How do you personally keep up to date with the latest in SEO? It’s an ever changing industry so SEO consultants by nature need to be on the ball – how do you achieve this?
I started my online marketing career in SEO, but these days I’m managing a lot more than just SEO.
Keeping up with the changes in this industry has been a challenge for me, because I can’t read as much as I used to.
The best way for me to keep up is to have strong friendships in the industry.
A lot of blogs and sites are publishing same ol’ content and it takes effort to sift through the same ol’ stuff to find the new valuable information.
I rely on my industry friends to keep me up to date by sharing articles with me or just brainstorming over dinner and a beer or two.
There have been a lot of algorithm changes from Google over the last year. I am sure that you’ve had many potential clients come to you with ranking issues due to past SEO practices they might have undertaken. Do you have any top-level advice for people who have seen their websites take a dramatic hit recently, or incurred a penalty?
First, stay calm. J Taking a huge traffic hit can be very traumatizing for a client and they need to feel secure with their consultant’s expertise.
I’ve seen sites recover from almost every type of manual action and penalty. Set a game plan for recovery and operate with extreme urgency.
Crisis is the opportunity to win lifelong trust from your clients by showing them you are a dependable and understanding partner.
What sets your SEO practice apart from the competition? Are there any unique aspects to your consultancy that gives you a competitive advantage?
Our competitive advantage is in our people and culture.
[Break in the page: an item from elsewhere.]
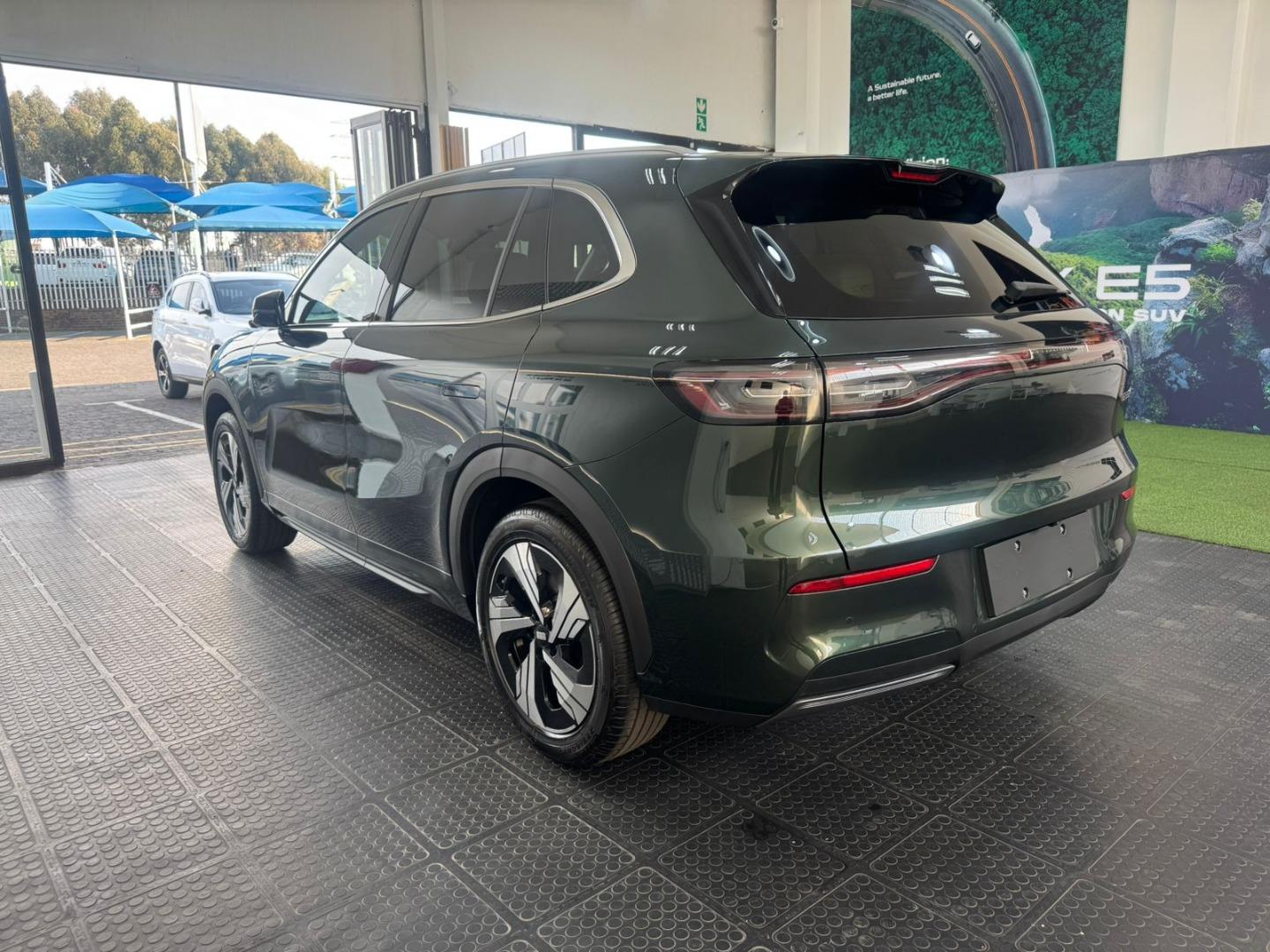 2026 Geely E5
We operate within a democracy of fact and logic.
Ideas and innovation can come from anyone who can present the data or logical reasoning, allowing our SEO innovation to grow exponentially as we add new team members.
There are very few secrets in SEO (we are all learning from the same blogs and forums, right?).
The true competitive advantage comes from the specialist’s pride and ownership in his or her project.
If you were talking to client in your local area who was unsure about the benefits that local SEO can bring to a business, what would be the key components of your pitch to them in order to convince them?
I would use Adwords keyword planner to find keyword search volume in their geographic region and educate the client to understand how many customers they could potentially reach based on that data.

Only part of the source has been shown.